Die Filme selbst sind ohne Ton. Was diese Momentaufnahmen und den daraus entstandenen Film vom privaten Home-Movie absetzen, ist Annie Ernaux' Gabe, sie als Ausgangsmaterial zu nutzen für ihre »Archäologie« des eigenen Lebens, die sie in ihren Büchern seit Jahren praktiziert, und nun auf das Medium Film überträgt. Die Sprache des Offtextes, von ihr geschrieben und gesprochen, ist klar und präzise, ohne Umschweife. Die Worte korrespondieren mit den Bildern, sie beschreiben nicht bloß das zu Sehende, sie sind Kommentar im besten Sinne. Ein Blick zurück, so intim und dicht formuliert wie in ihren Büchern.

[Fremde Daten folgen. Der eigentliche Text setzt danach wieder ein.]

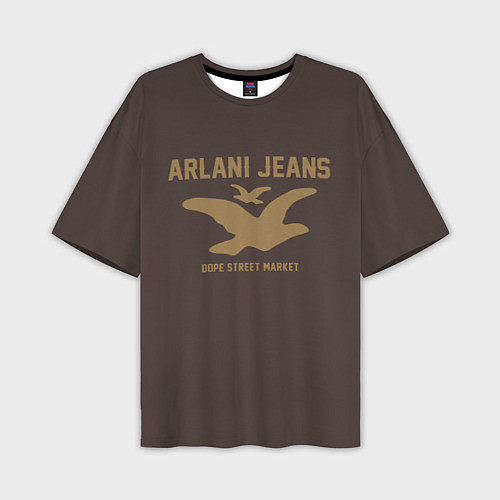 Мужская футболка оверсайз Узор Brown Orlani Jeans Dope Street Market / 3D-принт – фото 1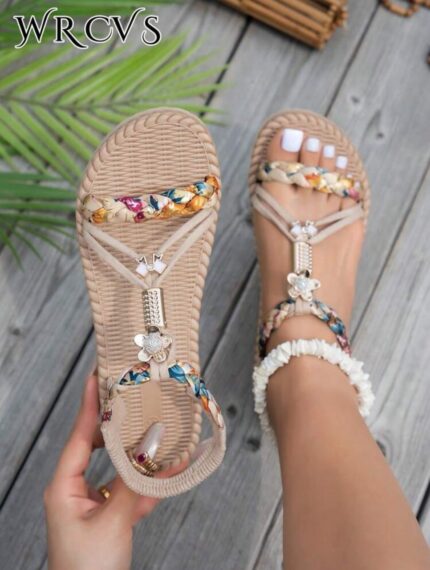 Sandalias tejidas en beige trenzado, antideslizantes Beis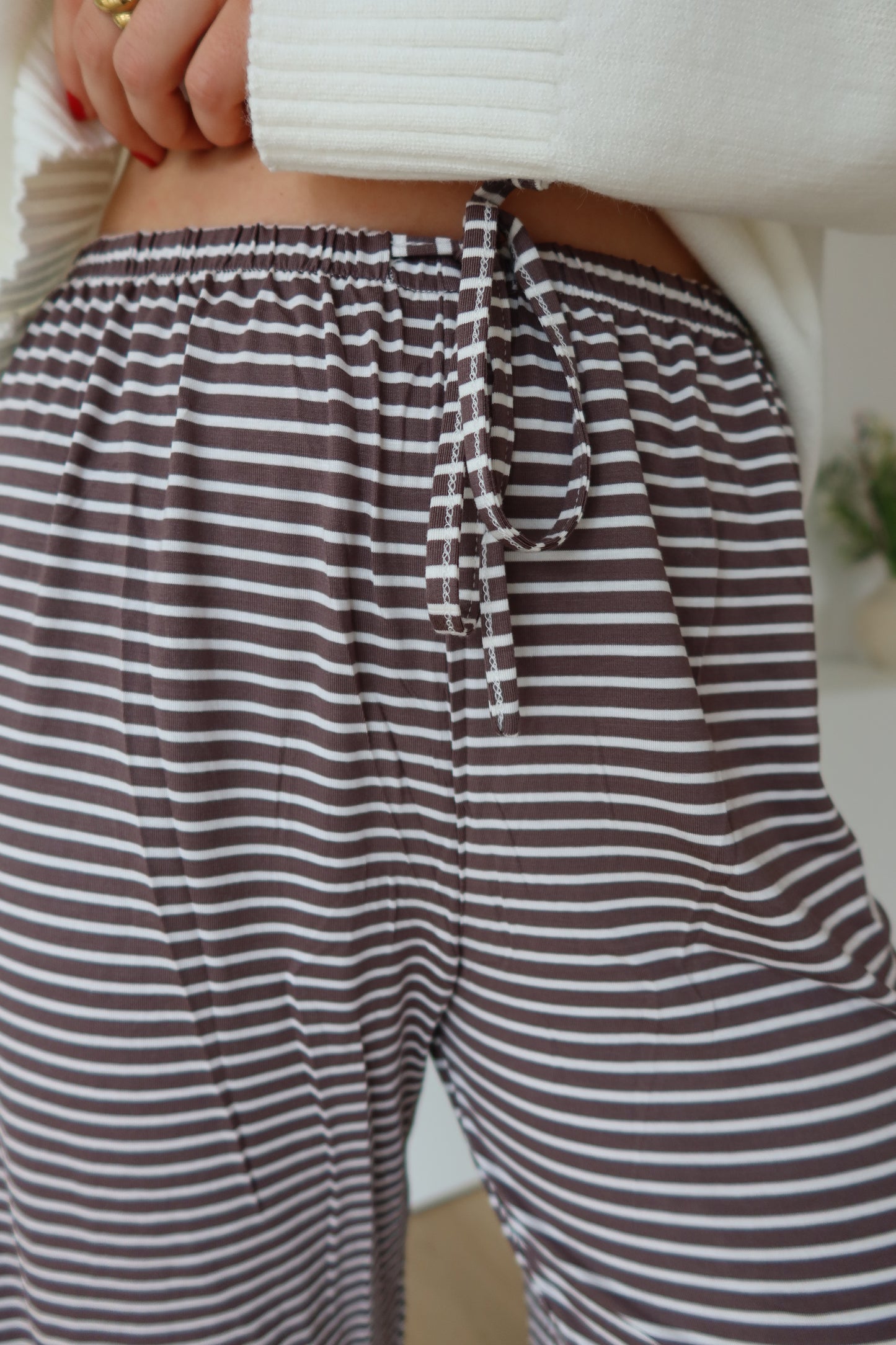 Gestreifte Hose - Brown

Ernaux erinnert sich dabei an eine Zeit, in der sie noch keine bekannte Schriftstellerin war und ihr Schreiben noch nicht im Mittelpunkt stand. Ihr Leben ist geprägt von ihrer Rolle als Tochter, Mutter und Ehefrau, sie arbeitet als Schullehrerin und unterrichtet Literatur. Für die eigene schriftliche Reflexion muss sie sich Auszeiten nehmen. Das tut sie heimlich, auch ihre Familie ahnt lange nichts davon, dass sie an ihrem ersten Roman schreibt.

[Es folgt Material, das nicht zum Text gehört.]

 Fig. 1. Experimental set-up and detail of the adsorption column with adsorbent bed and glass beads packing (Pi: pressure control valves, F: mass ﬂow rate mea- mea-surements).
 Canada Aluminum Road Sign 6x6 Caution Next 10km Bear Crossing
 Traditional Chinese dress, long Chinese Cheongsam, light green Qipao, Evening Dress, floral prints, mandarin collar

Die Aufnahmen sind nicht nur persönliche Erinnerungen der Familie Ernaux, sondern öffnen sich immer wieder zu einem Bild der französischen Gesellschaft im Umbruch. Sie sind in den soziologisch-politischen Kontext eingebettet und sagen so auch etwas über die Verfasstheit und Interessen einer linksbürgerlichen Öffentlichkeit in Frankreich aus. Die Veränderungen innerhalb der Familie, vom Wachsen bis zur Trennung der Eltern, gehen einher mit dem Wandel in der Dekade nach '68. »Wir waren Linke, keine Kommunisten«, thematisiert Ernaux ihre Herkunft aus der Arbeiterklasse und den Wunsch nach sozialem Aufstieg an einer Stelle.

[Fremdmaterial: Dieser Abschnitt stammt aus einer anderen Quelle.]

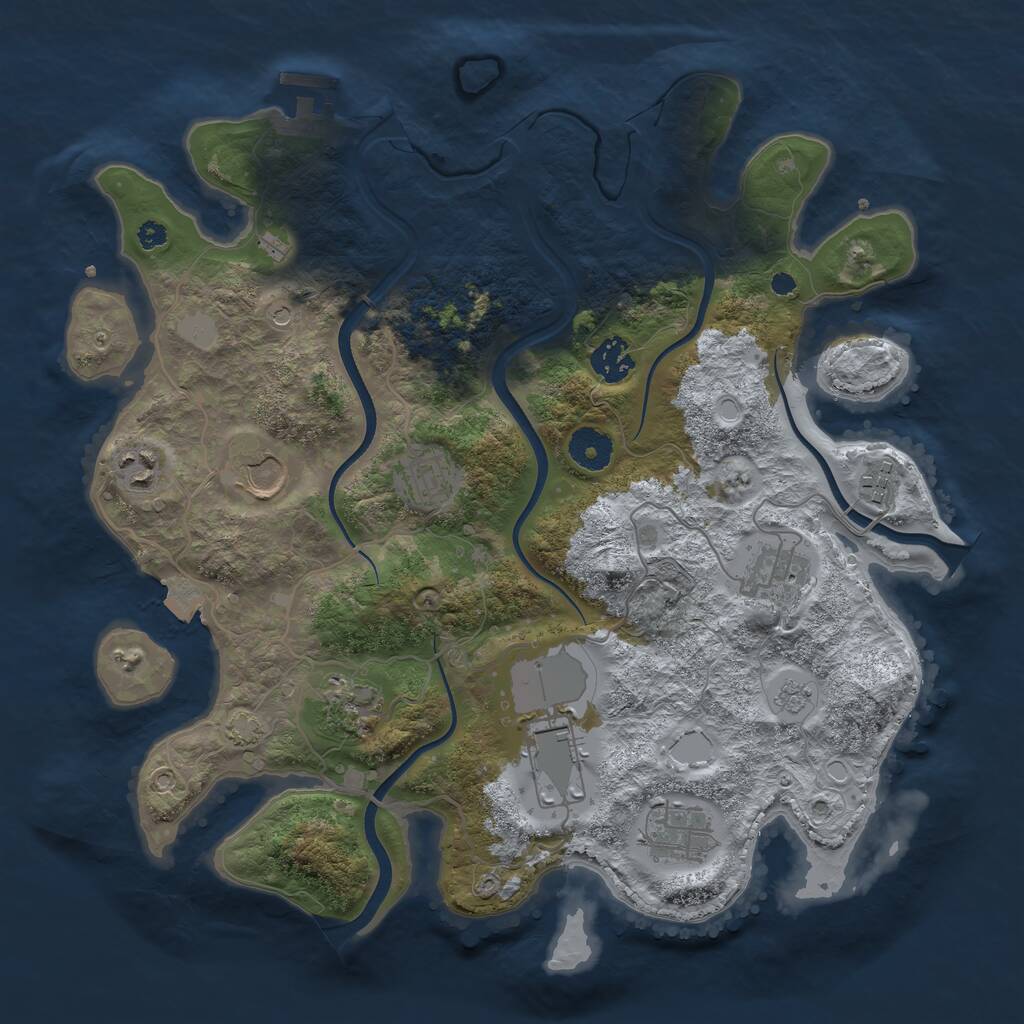 Rust Map: Procedural Map, Size: 3600, Seed: 223917651, 14 Monuments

1981 zerbrach die Ehe mit Philippe, und damit endete auch das Filmen. Ernaux' Zeit als Autorin hingegen sollte erst noch beginnen. Der deutsche Verleih will dieses faszinierende Zeitdokument auch im Original mit Untertiteln herausbringen. Eine schöne Gelegenheit, Ernaux' Stimme nicht nur zu lesen, sondern auch zu hören.